Song by the Beach Boys

from the album Smiley Smile
- Released: September 18, 1967
- Recorded: June 19–28, 1967
- Studio: Beach Boys (Los Angeles)
- Genre: Lo-fi
- Length: 2:30
- Label: Capitol
- Songwriter: Brian Wilson
- Producer: The Beach Boys

Audio sample
- file; help;

= Little Pad =

Beach Boys song written by Brian Wilson

"Little Pad" is a song by the American rock band the Beach Boys from their 1967 album Smiley Smile. It was written by Brian Wilson and its working title had been "Hawaiian Song". On the track, the group sings in unison about wanting a "little pad in Hawaii" while accompanied by a Hawaiian guitar, an organ, and clip-clop percussion.

==Music==

A psychedelic pop collage with elements of Hawaiian music, the song's only lyrics deal with the possibility of having a little house by the sea in Hawaii.
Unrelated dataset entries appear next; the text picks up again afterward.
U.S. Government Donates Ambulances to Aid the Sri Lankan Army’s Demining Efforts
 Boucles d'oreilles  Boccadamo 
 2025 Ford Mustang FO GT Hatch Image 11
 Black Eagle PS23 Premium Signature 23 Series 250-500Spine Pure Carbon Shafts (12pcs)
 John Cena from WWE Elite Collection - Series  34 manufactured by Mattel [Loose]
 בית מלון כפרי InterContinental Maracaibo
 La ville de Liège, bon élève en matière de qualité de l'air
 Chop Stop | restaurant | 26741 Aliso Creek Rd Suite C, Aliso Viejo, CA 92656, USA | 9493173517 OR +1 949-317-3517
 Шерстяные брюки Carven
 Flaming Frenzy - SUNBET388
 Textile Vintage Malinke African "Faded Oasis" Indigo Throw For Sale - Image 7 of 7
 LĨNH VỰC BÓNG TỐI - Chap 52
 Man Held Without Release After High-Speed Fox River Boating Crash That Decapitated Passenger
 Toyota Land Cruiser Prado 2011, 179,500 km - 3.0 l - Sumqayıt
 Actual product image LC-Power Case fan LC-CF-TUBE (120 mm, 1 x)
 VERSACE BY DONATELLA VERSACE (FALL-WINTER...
Unlike many other tracks on Smiley Smile, "Little Pad" did not originate during the sessions for Smile, the album that was aborted by the band and replaced by Smiley Smile.
Beginning life as the brief piece "Hawaiian Song", it and "Little Pad" were tracked on June 19–21 and 28, 1967. Both songs were later combined into one.

Author Andrew Hickey said that "the song's a nothing, but it's a gentle, heartfelt, beautiful vocal performance." Writer Domenic Priore said that the song is "one of the group's finest moments."

==Personnel==
Sourced from Keith Badman.
- Mike Love
- Brian Wilson
- Carl Wilson
- Dennis Wilson

==Cover versions==

- 1988 – Louis Philippe
- 1998 – The Olivia Tremor Control, Smiling Pets

==In popular culture==
- In 1996, Japanese Shibuya-kei musician Keigo Oyamada (stage name Cornelius) recorded a spiritual sequel to the song titled "World's End Humming ~Reprise (In Hawaii)", a closer to his album 69/96.
- Comedian Trevor Moore stated that the theme song for his troupe's television show, The Whitest Kids U' Know, was based on "Little Pad", which itself had been used as the opening theme for their live shows.